DETROIT (November 4, 1998) -- After talking with Corvette Chief Engineer Dave Hill, one gets the feeling that racing was in the plan since the inception of the new fifth generation Corvette. You also get the feeling that he would gladly pit "his" C5 Corvette against any other sports car in production today -- regardless of price. You see, Dave is an enthusiast at heart, and his team has developed what's been described as "the best 'Vette yet."
When asked what attributes the production Corvette has that will make it a successful racing machine, Hill explains, "The Corvette has always been at the cutting edge of sports car performance. The things that make it a great road car will also contribute to its success as a race car. The car's structural integrity, its suspension geometry, its aerodynamics and the general layout of the car all work together to make it a great car - whether for the road or the track.
"The hydro-formed frame rails and the stiff underbody structure combine to make a very stable platform which should in turn contribute to more consistent lap times," he continues. The stable platform also allowed Hills engineers to enhance the ride and handling of the production car through suspension tuning.

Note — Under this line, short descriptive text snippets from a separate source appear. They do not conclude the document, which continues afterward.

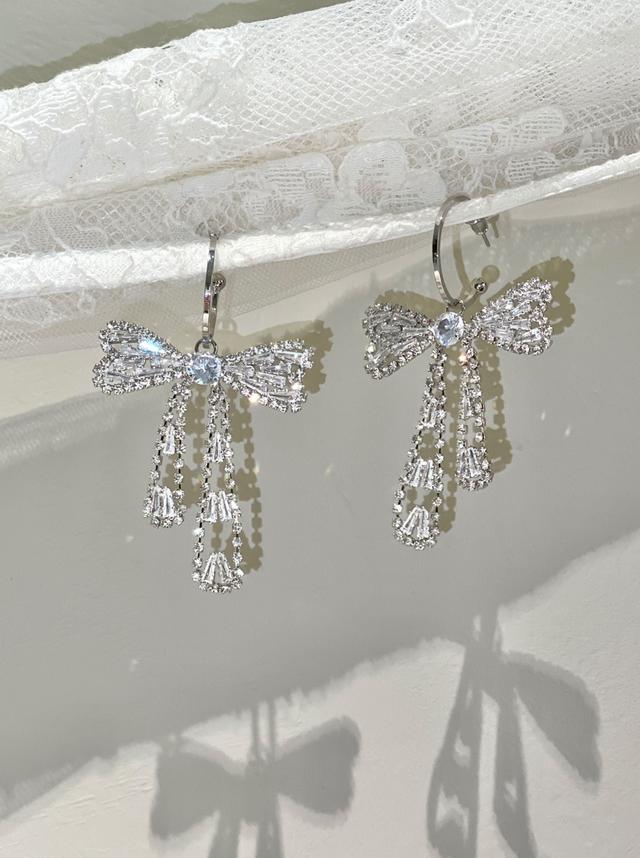 Silver ribbon Elegant earrings + earrings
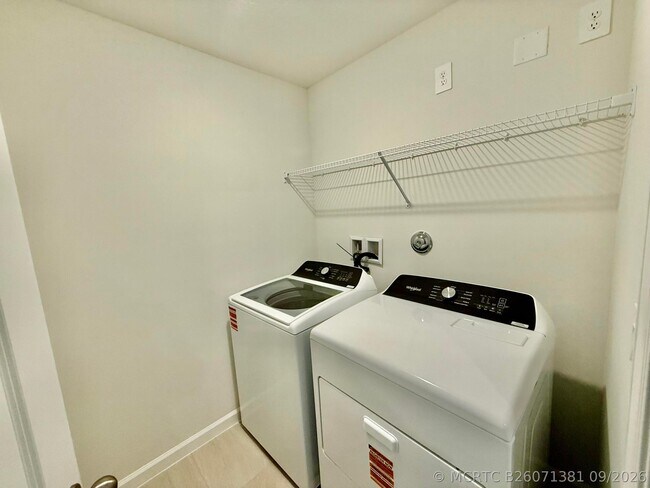 Building Photo - 655 Salisbury Cir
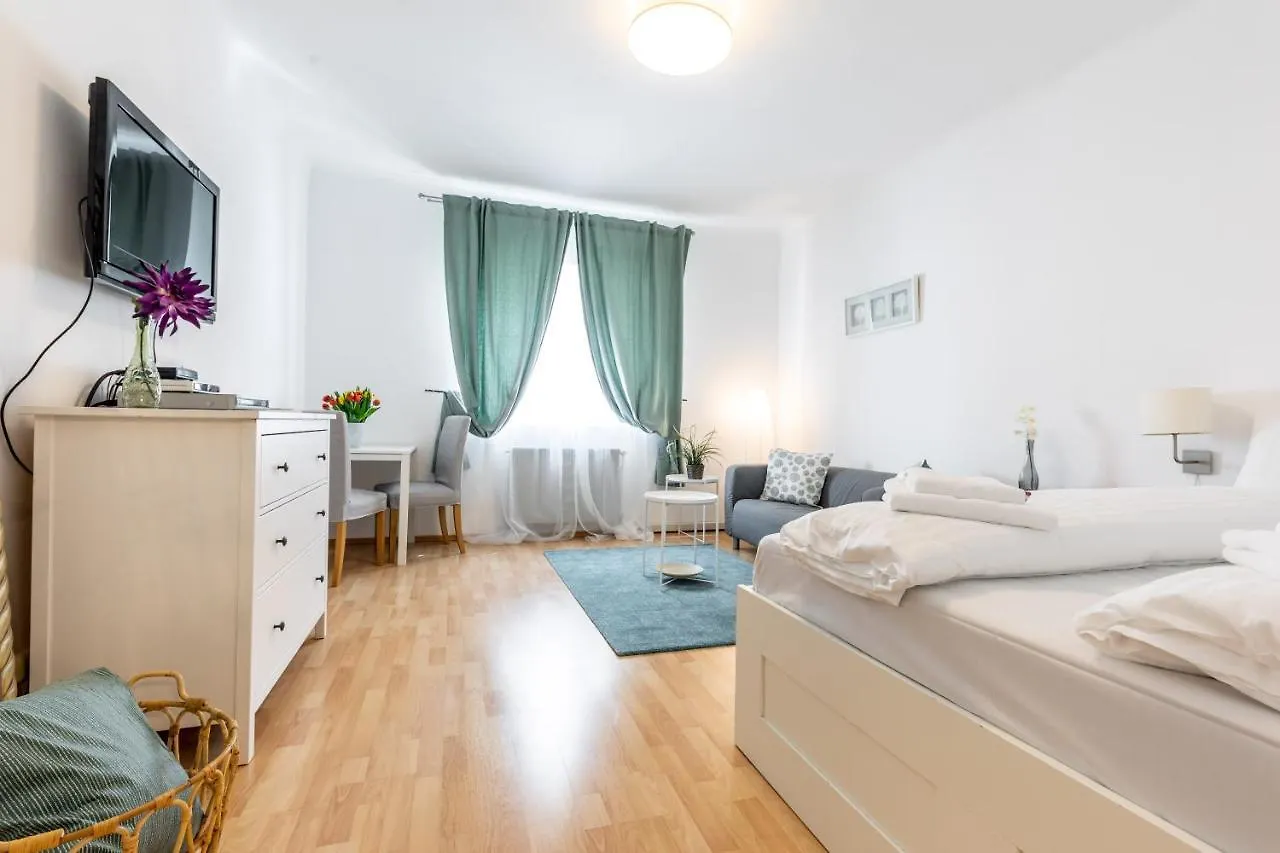 Apartment Near Naschmarkt Vienna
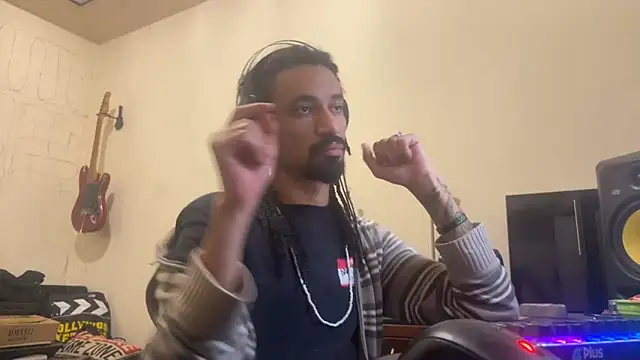 hotcamboy420 online show from 11/04/25, 08:01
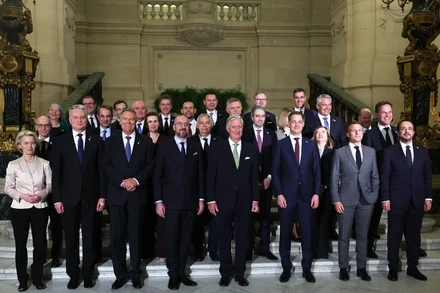 Các đại biểu chụp ảnh chung tại hội nghị thượng đỉnh của EU ở Brussels, Bỉ ngày 17/4/2024. (Ảnh: AFP/TTXVN)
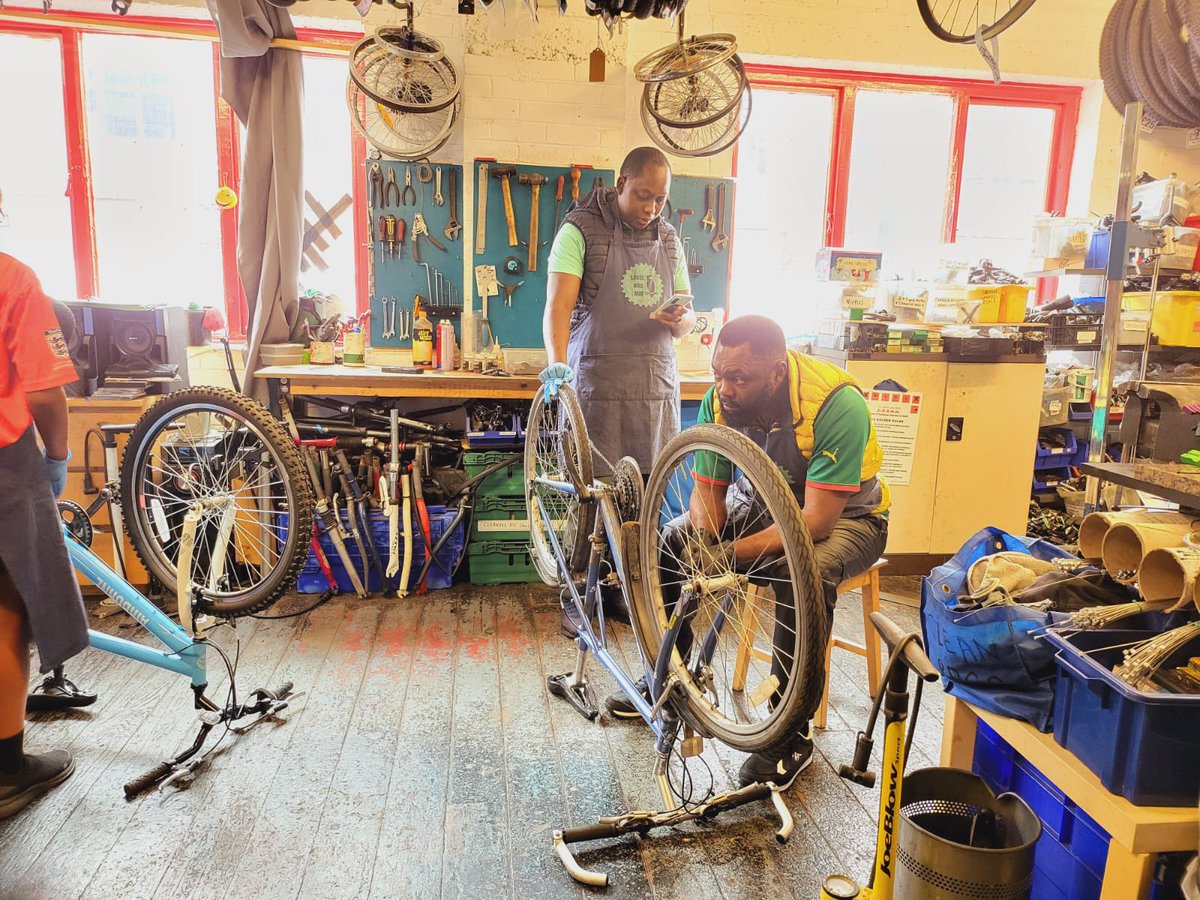 springaid's tweet photo. Clunky gears? An annoying puncture? Dodgy brakes?  It's a good idea to get into the habit of checking your bike regularly yourself, and to learn some basic maintenance skills.

Learn to Fix Bike Workshop at the Leeds Bike Mill. @WeAreCyclingUK https://t.co/vr1Ymcj5yF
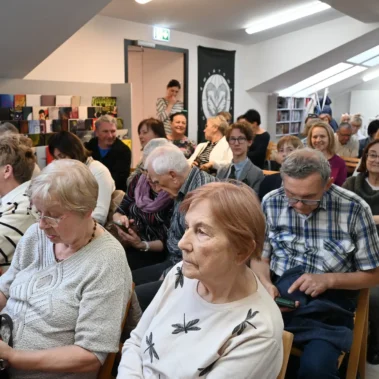 Goście w Wypożyczalni Muzycznej czekają na rozpoczęcie
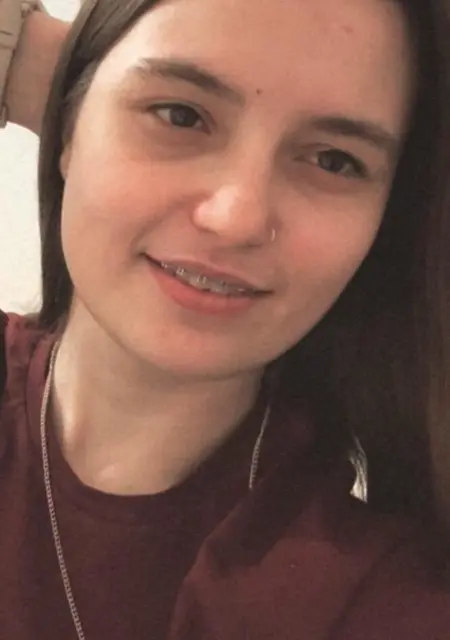 Polina de Málaga, tengo 20 años, lista para conocer para hacer nuevos amigos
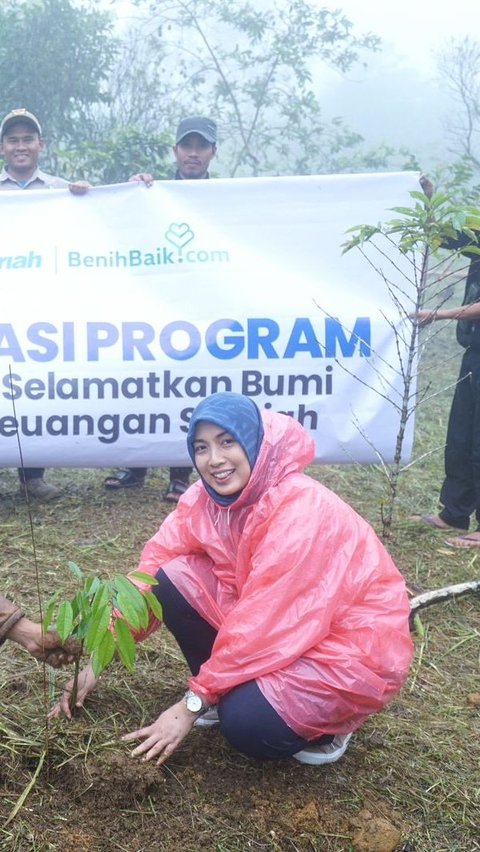 Aksi Peduli Lingkungan, BCA Syariah Tanam 1.000 Bibit Durian di Bogor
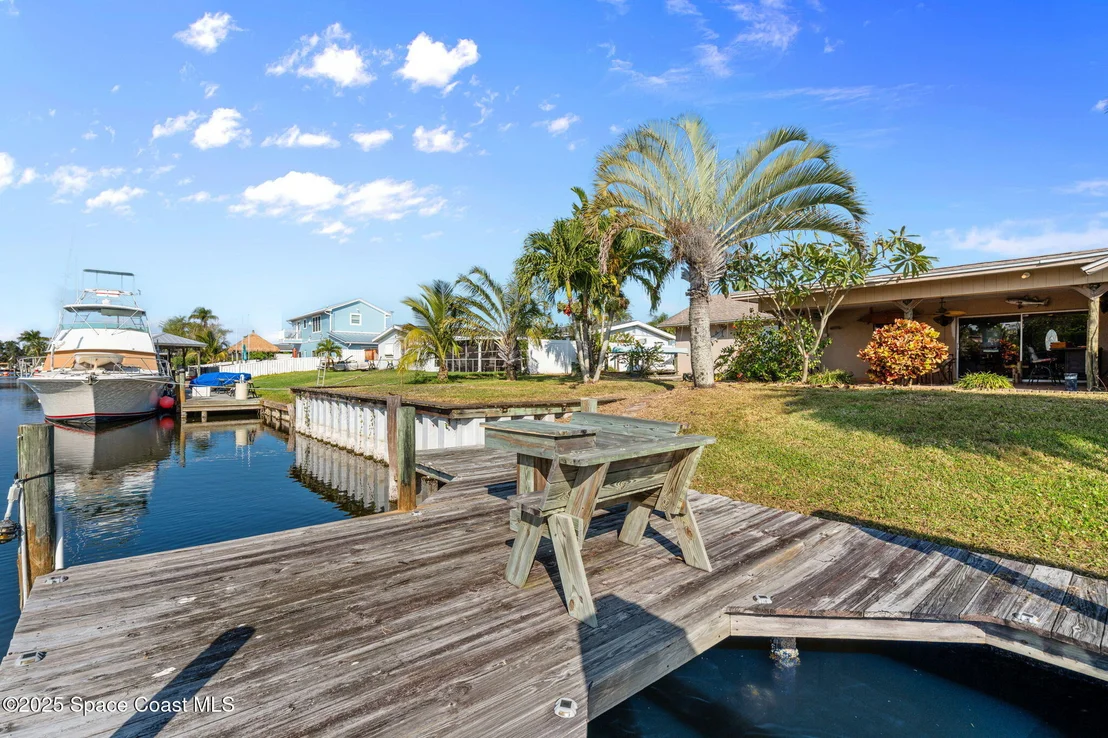 Photo of 406 Thrush Drive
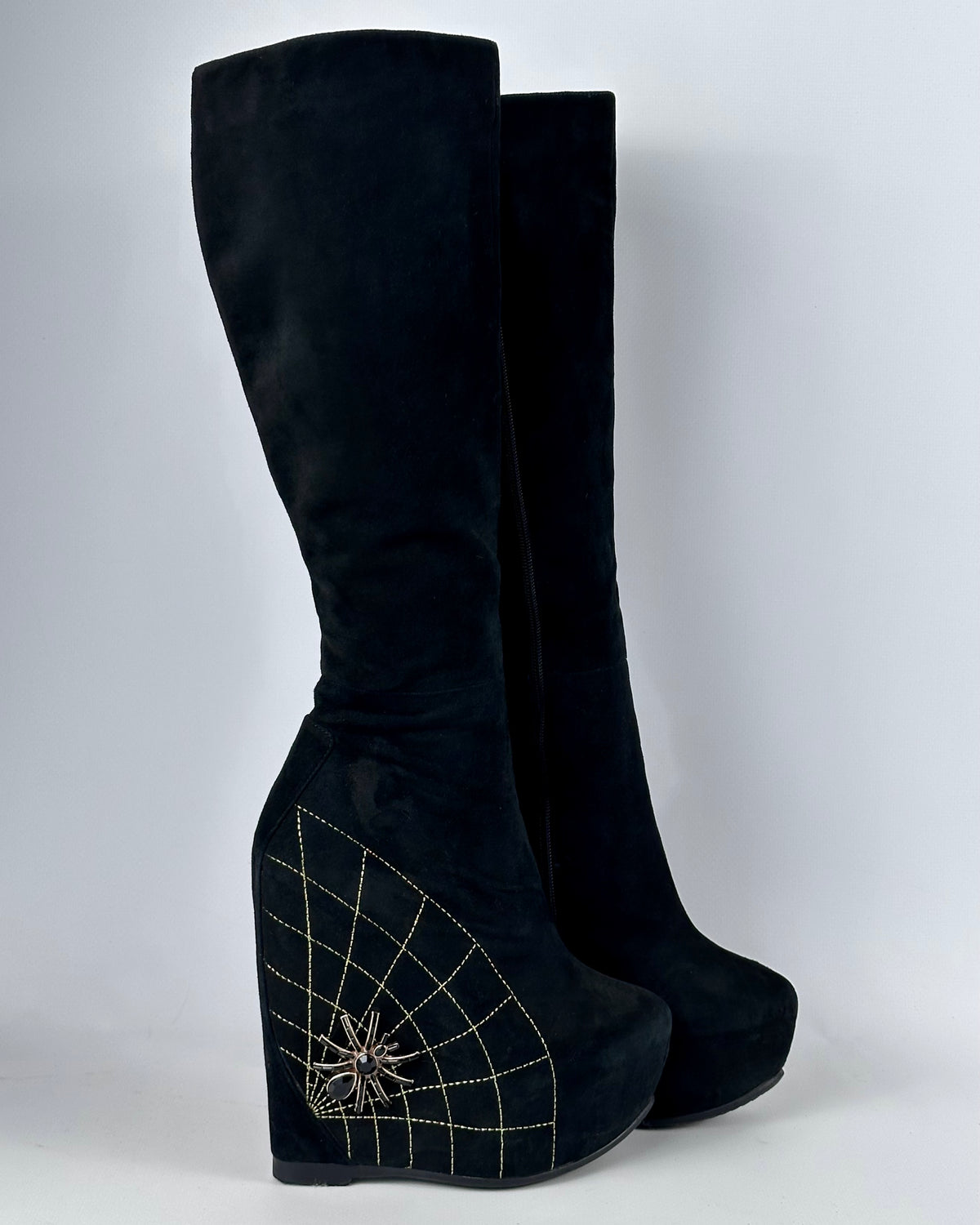 Vintage Spiderweb Wedge Boots — 35 & 37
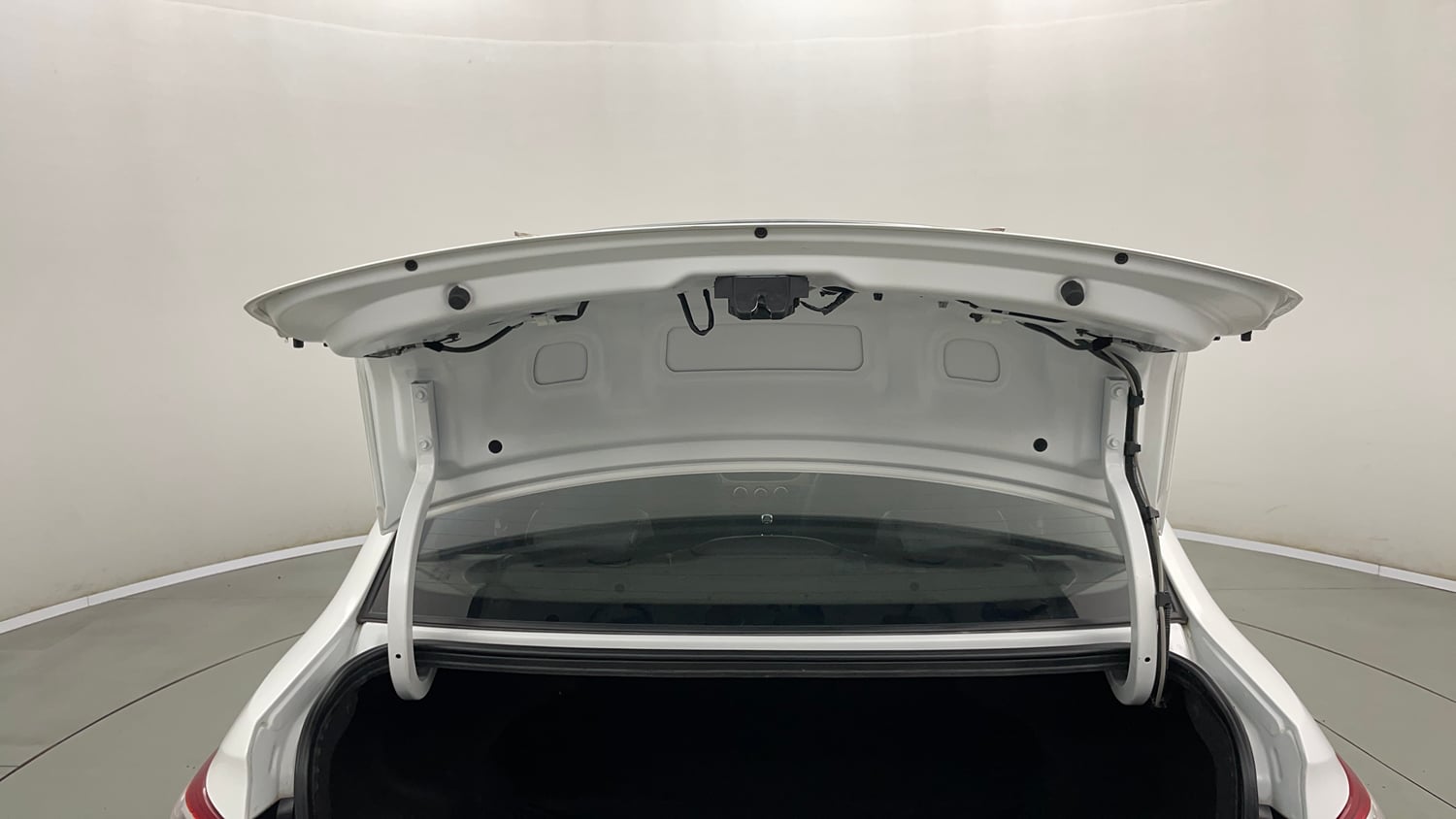 Used 2019 Hyundai Xcent SX Petrol Manual interior DICKY DOOR OPEN VIEW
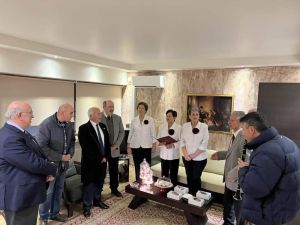 Ανταλλαγή ευχών και κάλαντα στον Υπουργό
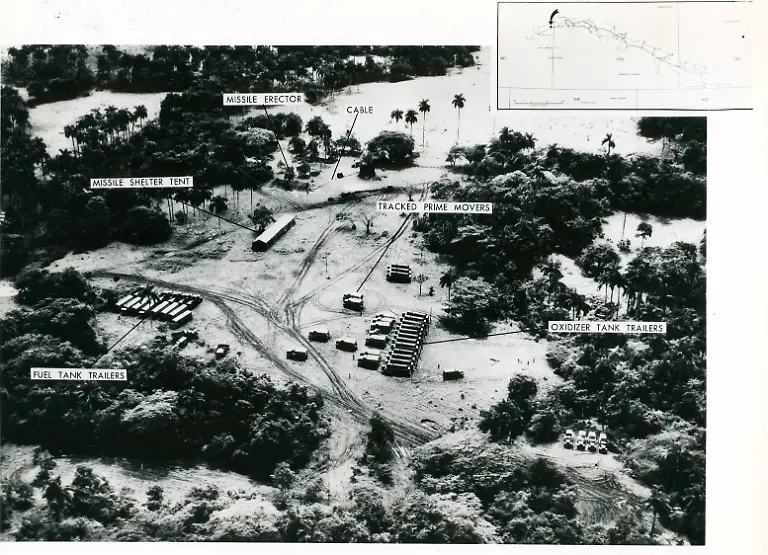 9CU-1962-1-23-A1-975986-Kuba-Krise-Raketenbasis-auf-Kuba-1962-Kuba-Krise-22-27-Oktober-1962-Nach-Stationierung-von-sowjetischen-Mit-telstreckenraketen-auf-Kuba-drohen-die-USA-mit-einer-Invasion-und-verhaengen-eine-partielle-Seeblockade-Abbau-der-Raketenbasen-durch-die-UdSSR-Raketenbasis-San-Cristobal-Kuba-mit-mit-stationierten-sowjetischen-Mittel-streckenraketen-Luftaufnahme-23-1-1962-E-Cuban-Missile-Crisis-1962-CubanKrise-22th-27th-October-1962-After-the-Soviet-Union-built-bases-for-medium-range-and-intermediate-range-nuclear-missiles-on-Cuba-the-United-States-initated-a-naval-blockade-of-the-island-Nuclear-missile-base-San-Cristobal-on-Cuba-Aerial-photograph-23-1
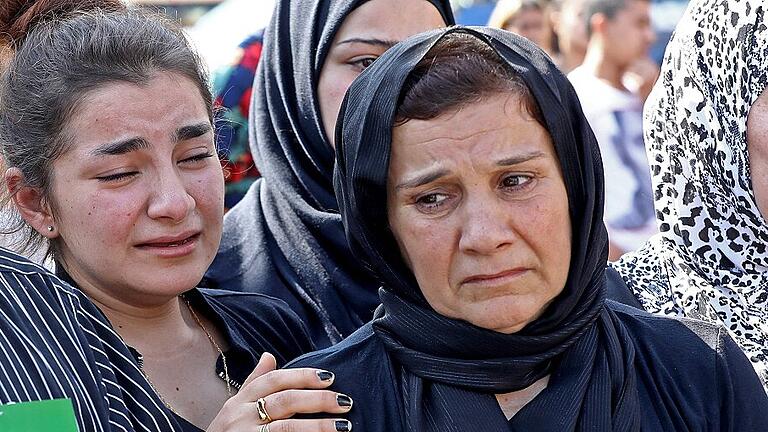 LEBANON-KURDS-DEMO       -  Der Konflikt in Syrien rückt die Kurden in den Fokus. Hier trauern Angehörige eines getöteten kurdischen Kämpfers.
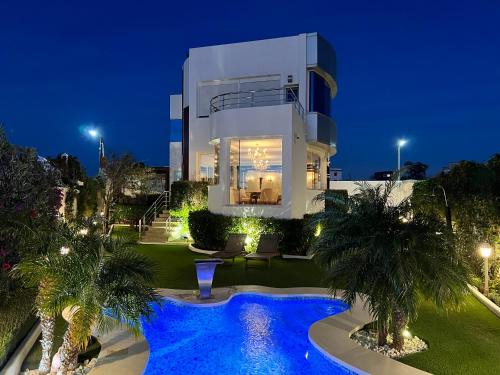 Hjar Ennhal Villa | Villa Merdi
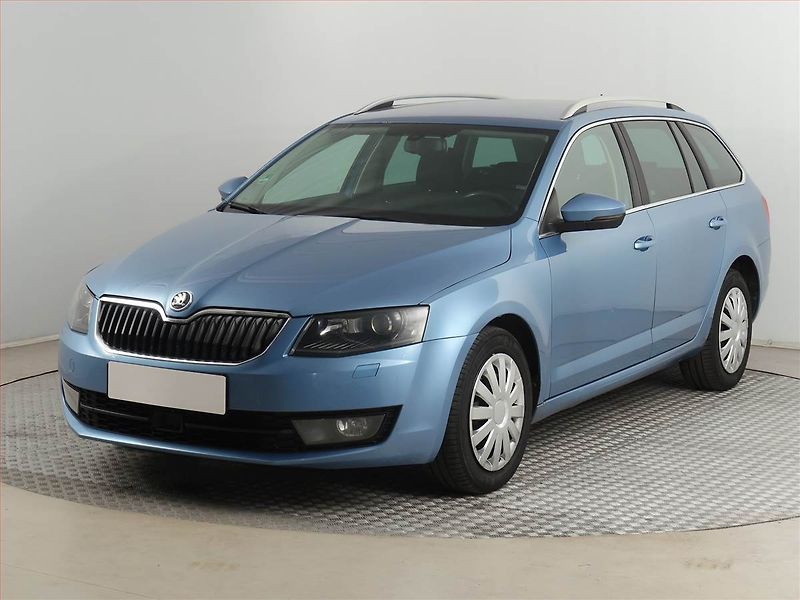 Škoda Octavia (2014) 2.0 TDI, 4X4, Navi, Xenony - fotka 2 z 20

Aerodynamically, the production C5 Corvette is one of the slipperiest on the road today. It boasts a Cd of 0.29, but more importantly, there's very little lift, even at high speeds. This gave GM Motorsports engineers an excellent base on which they could design their wings and other aerodynamic devices to provide additional downforce for the race car. Aerodynamicist Brian Miller stated that the racing Corvette produces so much downforce at speed that it could theoretically drive upside down on the ceiling of a tunnel.
"The general architecture of the road car itself will contribute to its success at the track as well," continues Hill. "The low center of gravity and long wheelbase that make the Corvette a very stable vehicle at speed also contribute to making it a comfortable street car, whether it's here on American highways or going 250 kph (155 mph) on the Autobahn."
While the C5-R Corvette is a purpose-built racing machine, it does use a surprising number of regular production components. The front and rear chassis cradles are machined to production specs; the stock hydro-formed frame side rails are used as a base for the roll cage; the power steering pump, steering rack, and upper and lower front control arms are all production items, as are the rear lower control arms. The body is loosely based on the production car's CAD data but still uses the production windshield, taillights and marker lights. On the engine side, unique blocks are cast on the production engine casting line and the alternator and water pump are off-the-shelf items.
GM Motorsports chassis specialist Ken Brown came to the race project straight from the Corvette development team. His knowledge of internal processes at GM helped greatly in the development of the C5-R Corvette.
"We also tried to use as many common processes as we could in developing the race car," Brown says. "Our analysis tools like finite elements and our other CAD/CAM data tools were used extensively. We even tried to use as many production suppliers as possible in our program. Recently, we had an unplanned crash test that proved our production suspension parts would hold up to the rigors of racing. We were very happy with the results."
The C5-R Corvette also features a highly specialized - and comfortable - racing seat engineered by Lear Corporation, the global automotive interiors manufacturer that also provides seats for current production Corvette models. The carbon fiber composite shells that Lear engineers developed for the C5-R Corvette have a better strength-to-weight ratio than typical aluminum racing seats. During a pit stop, the seat can be quickly adapted to accomodate any one of the three race drivers who will share the C5-R Corvette driving duties during endurance races.
With the C5-R Corvette Racing Project, Chevrolet wants to show the world that the new Corvette is dramatically different from previous models.
"We selected the GT2 category because the cars are more like road cars, the race courses are more like real roads, and manufacturers from around the world compete there," says Hill. "We hope to use this race program to illustrate the great characteristics of the Corvette as both a sports car and a race car. This should cause new people to take a look at the Corvette as an alternative to other sports cars. And we've found that once we get people to take a look at the new Corvette, the car sells itself."